Cortisol normally produced from adrenal cortex - zona fasciculata

Mineralocorticoids

  • similarity to aldosterone

  • influence salt and water balance

  • fludrocortisone

Glucocorticoids

  • hydrocortisone = natural glucocorticoid

    • normal unstressed: 10-20mg/day

    • increase to 300mg in stressed, ill patient

  • Synthetic:

    • hydrocortisone

    • prednisone

    • triamcilone

    • dexamethasone

  • Effects:

    • anti-inflammatory

    • immunosuppressant

    • metabolic effects

      • protein/lipid metabolism

      • inc. gluconeogenesis

      • inc. glycogen deposition

Prednisone

  • readily absorbed from GI tract

  • converted to active metabolite prednisolone in liver

    • takes \~60min

    • conversion not diminished by liver disease

  • Excreted in urine as free and conjugated metabolites

  • plasma half-life 2-4 hours

  • 4x anti-inflammatory effect cf. hydrocortisone

  • 0.8x sodium retaining properties cf. hydrocortisone

  • Dexamethasone = 40x anti-inflam effect cf. hydrocortisone

  • (fludrocortisone = 150x sodium retaining cf. hydrocortisone)

Pregnancy:

Benefits generally outweigh risks

  • increased IUGR with long term use (not short term)
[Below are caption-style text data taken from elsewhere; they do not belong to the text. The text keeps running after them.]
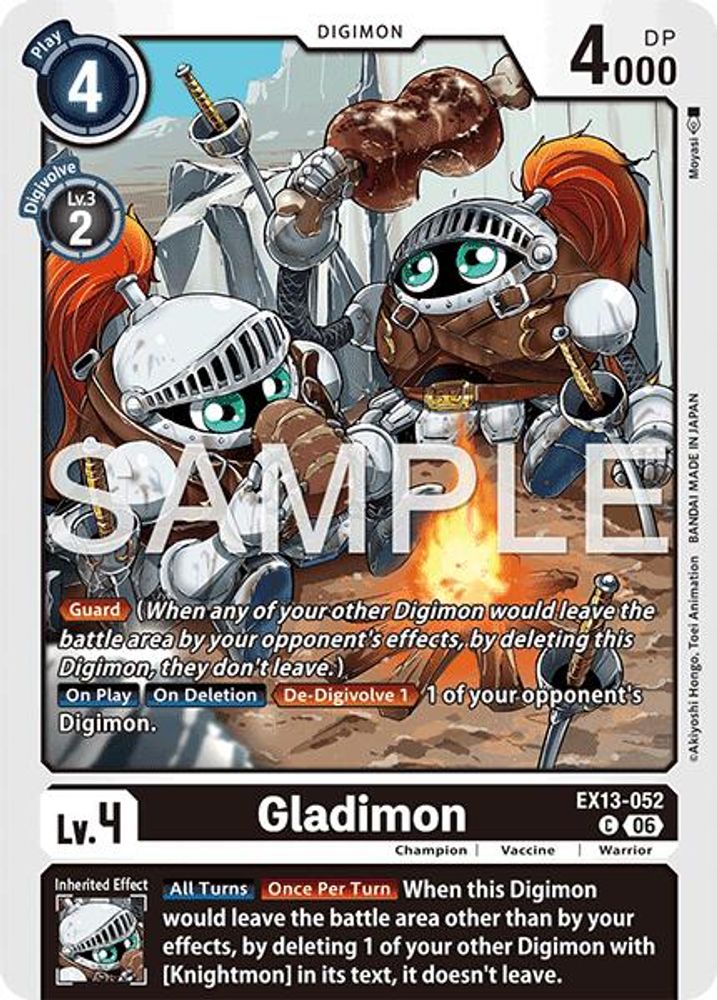 PLAYSET (4) 4x Gladimon (EX13-052) Common - Digimon EX-13 Chivalrous XIII-Cherry Collectables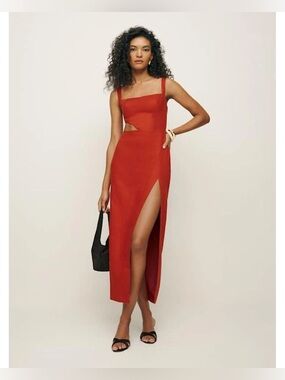 Reformation Satori 100% Linen Dress Chili Red Orange Size 0 Eveningwear Elegant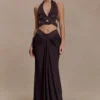 Siren satijnen maxi-rok met strass – donkerbruin Siren satijnen maxi-rok met strass – donkerbruin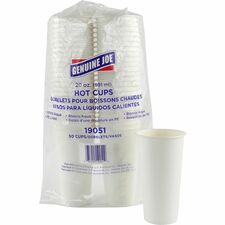 Genuine Joe 20 oz Disposable Hot Cups 20 fl oz - White - Polyurethane - Coffee, Hot Drink, Picnic, Company, Tea, Hot Chocolate, Beverage/ - 50 / Pack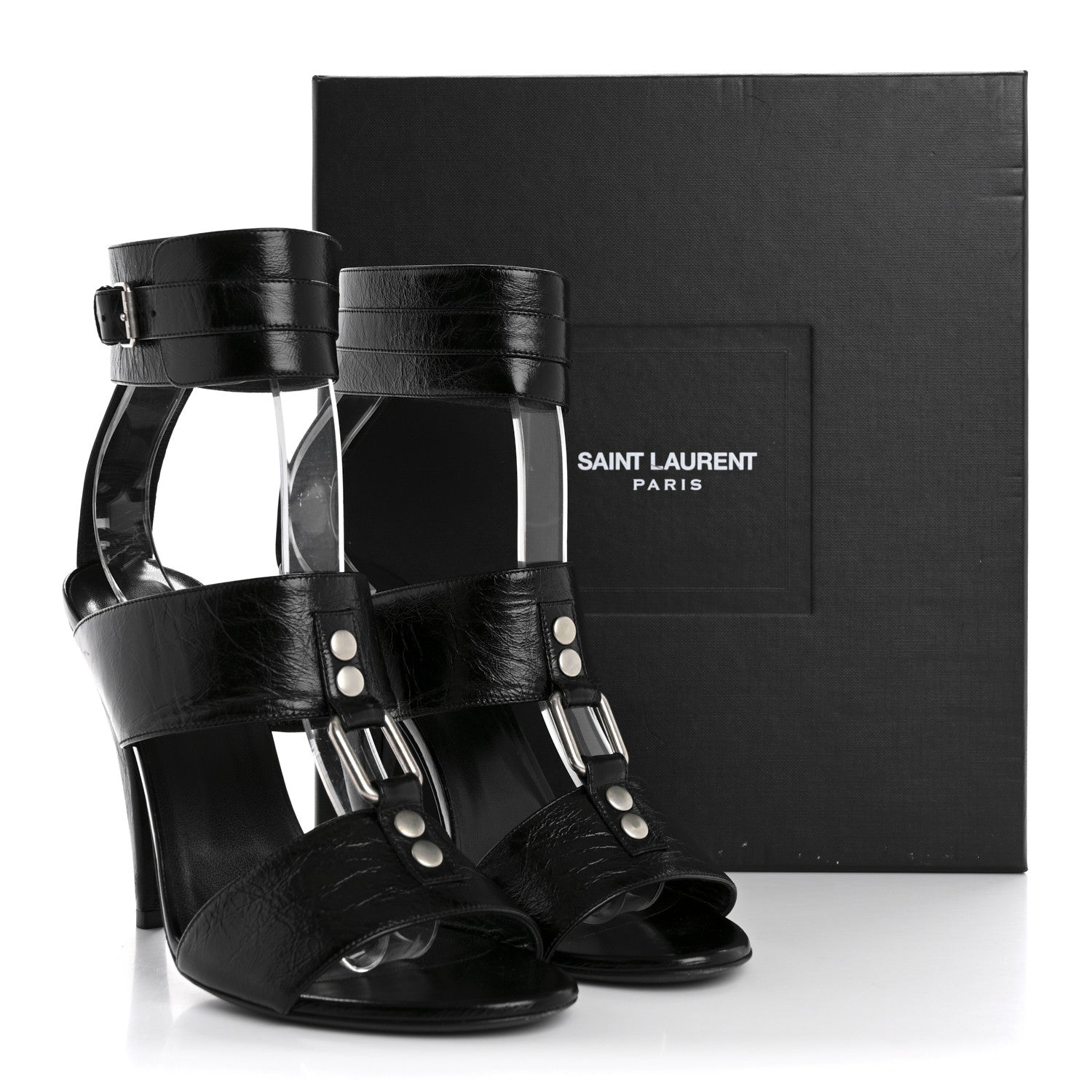 Shiny Calfskin Fetish 105 Sandal 39 Black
  • no increase cleft palate

  • adrenal suppression in neonate rarely clinically significant

  • appears in breast milk:

    • \<40mg/day unlikely to causee systemic effects in infant

Hypothalamic-pituitary-adrenal suppression:

  • Inhibition may lead to adrenal insufficiency when steroids are ceased after long term use

  • treatment for \<3 weeks or with less than 10mg of prednisone unlikely to suppress h-p-a axis - unless clinically cushingoid

  • Low early morning cortisol levels after omitting therapy for 24 hours suggest suppression

  • Evening doses of steroids inc. risk of suppression

  • Alternate day therapy probably doesn’t reduce the risk

  • Some evidence that adrenal gland is suppressed during inhaled corticosteroid use

    • unlikely to be clinically signifiant but consider if addisonian presentation
  • Addisononian crisis:

    • anorexia, nausea/vomiting

    • hypotension

    • sudden pain - abdominal, legs, lower back

    • Syncope

    • Hypoglycaemia

    • Confusion

    • Electrolyte disturbance

    • Seizure

    • Fever

Stress dose steroids:

  • controversial

  • traditional:

    • double dose for major illness (defined as fever present) if adrenal suppressed and stress dose for surgery.
  • However; lack of evidence to support this.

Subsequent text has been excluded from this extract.